Mise en forme, rechargement en latérite et études d’ouvrages d’art se poursuivent sous la coordination d’ICM Groupe
Sur le corridor stratégique reliant Ebolowa à Kribi, les équipes de l’entreprise ICM Groupe sont désormais pleinement mobilisées pour mener à bien les études d’exécution et les opérations de maintien de la circulation, avant le lancement des travaux lourds de construction. Ce vaste chantier, qui s’étend sur les deux sections que sont Ebolowa–Akom II et Akom II–Kribi, constitue une étape clé dans le désenclavement de la région du Sud et dans la fluidification des échanges vers le port de Kribi. En cette période préparatoire, l’ensemble des interventions est minutieusement coordonné pour garantir à la fois la sécurité des usagers et la qualité technique des futures infrastructures.
Sur le tronçon Ebolowa–Akom II, la circulation est d’ores et déjà fluide, avec une vitesse moyenne comprise entre 40 et 60 km/h, ce qui offre aux usagers des déplacements relativement confortables malgré l’activité intense des engins de chantier. Les équipes sont mobilisées depuis ce 14 août pour poursuivre la mise en forme de la plateforme entre les points kilométriques 53+900 et 62+500, tout en assurant le rechargement en grave latéritique sur un linéaire beaucoup plus vaste, allant du PK 22+600 au PK 76+600. Ces opérations successives de nivellement et de renforcement du sol sont indispensables pour stabiliser l’assise de la future route et prévenir les affaissements prématurés.

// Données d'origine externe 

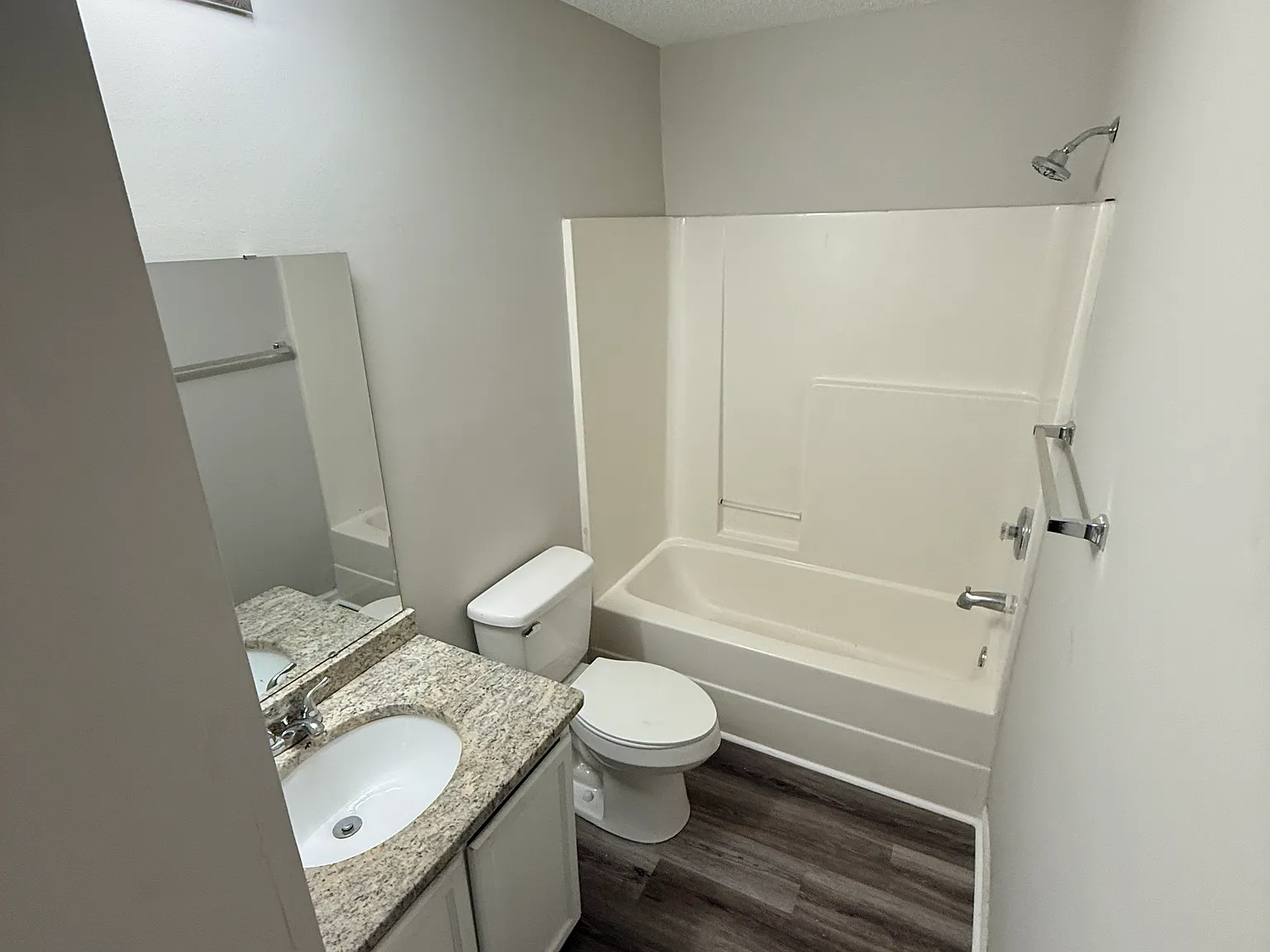 3 bed, $1,500 — Photo 3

Du côté du tronçon Akom II–Kribi, les interventions sont tout aussi soutenues et couvrent de nombreux points critiques du parcours. La mise en forme de la plateforme y est réalisée entre les PK 118+000 et 145+000, tandis que le rechargement en grave latéritique s’étend du PK 118+600 au PK 147+200, avec une attention particulière portée au traitement des bourbiers sur les zones les plus sensibles. Par ailleurs, des travaux de reprise et de correction sont exécutés entre les PK 146+000 et 147+500, afin de gommer les irrégularités du terrain et d’offrir une assise homogène avant la phase de revêtement définitif. Ces actions conjuguées témoignent de la rigueur technique déployée sur l’ensemble du linéaire.

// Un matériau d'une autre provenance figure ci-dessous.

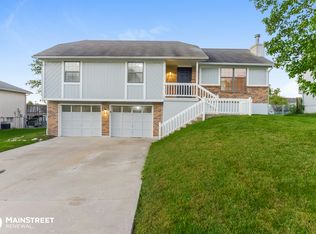 607 Valley Vw, Raymore, MO 64083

En parallèle des travaux de terrassement, les études d’exécution se poursuivent avec une attention toute particulière portée aux ouvrages d’art, véritables points névralgiques du projet. Les équipes techniques réalisent actuellement des sondages carottés et pressiométriques au niveau des ouvrages OA25, OA26 et OA27, afin de déterminer avec précision les caractéristiques géotechniques du sous-sol et d’adapter les conceptions structurelles aux contraintes locales. Ces investigations approfondies garantiront la solidité et la durabilité des ponts et dalots, dont la bonne tenue est essentielle pour assurer la pérennité de la route face aux intempéries et au trafic croissant.
Le volet environnemental et social n’est pas en reste, car ce projet se veut aussi respectueux des populations riveraines et de leur cadre de vie. À ce jour, 423 personnes affectées par le projet ont déjà été identifiées sur environ 47 kilomètres couverts par les opérations de recensement, une étape préalable indispensable à la mise en œuvre du Plan d’Action de Réinstallation. Parallèlement, la matérialisation de l’emprise se poursuit activement entre les PK 80+000 et 90+000, afin de délimiter clairement les zones d’intervention et d’anticiper les mesures d’accompagnement en faveur des communautés locales. Cette approche intégrée, qui conjugue performance technique et responsabilité sociale, illustre la volonté de faire de ce corridor un vecteur de progrès partagé.
Ainsi, à travers ces travaux préparatoires minutieux et cette prise en compte rigoureuse des enjeux humains, le projet de construction de la route Ebolowa–Akom II–Kribi entre résolument dans sa phase opérationnelle. Une fois les études d’exécution achevées et les assises consolidées, les grands travaux pourront être lancés sur l’ensemble du linéaire, ouvrant la voie à une transformation durable du tissu économique et social de cette partie du Cameroun. En facilitant les déplacements, l’évacuation des productions agricoles et l’accès aux infrastructures portuaires, cette route s’impose comme un levier majeur de développement pour toute la région méridionale.